They’re also expected to wear a mask and maintain a safe distance when possible.

The Ontario Tech men’s basketball team has also implemented a bubble after head coach Greg Francis urged them to keep their social circles tight.

“The bubble has put a little bit of trust in our team since no one has really had a scare,” said Ridgebacks’ newcomer Anthony Pate.

Cummings adds the team has been good about avoiding situations that could jeopardize their return to campus.

During the first lockdown, teams used Zoom to keep tabs on their players throughout the summer. During the most recent lockdown, almost every team activity made its way to the online platform.

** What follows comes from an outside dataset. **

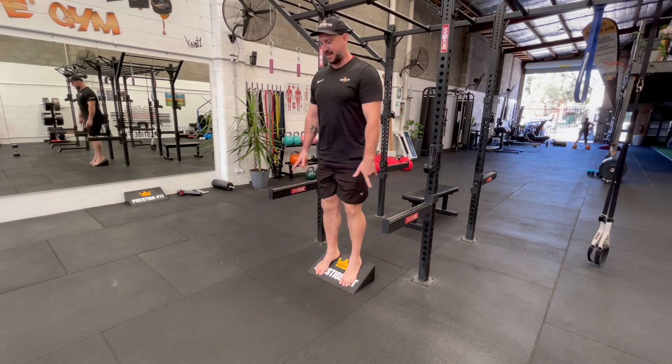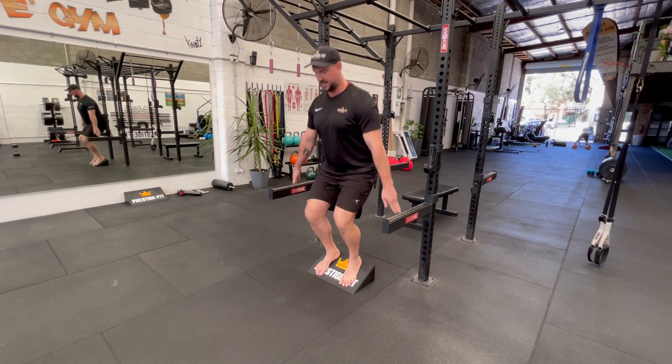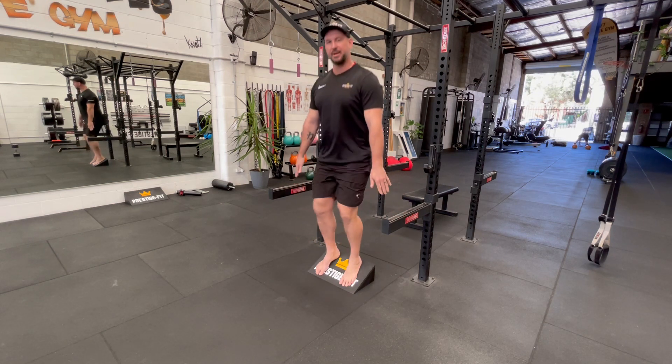I've got it set up here in the cage because if that's too much for you, just put your hands by your sides and you can use these gently to get you up and down. Just use them as a helping hand.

This includes weight training sessions, weekly team check-ins, team meetings, trivia nights and more, according to Cassidy Nicholson-Clarke, fourth-year Durham Lords’ volleyball player.

With all the sports seasons being cancelled, practices are still a source of joy for the athletes, and hold a special place for athletes who may not be returning next year.

“This is something I really wanted to do,” said Nicholson-Clarke. “Just to be able to go back and play volleyball, even it’s for half-an-hour, an hour-and-a-half, it’s just really good to be back in the gym.”

With no exhibition games on the horizon for either school, athletes may have to wait until fall semester to have live action again, but the student-athletes are finding the positives in the cancelled season.

“It’s making easier to part ways to ways with it, since it’s not a true season, it’s just a stepping stone,” says Nicholson-Clarke.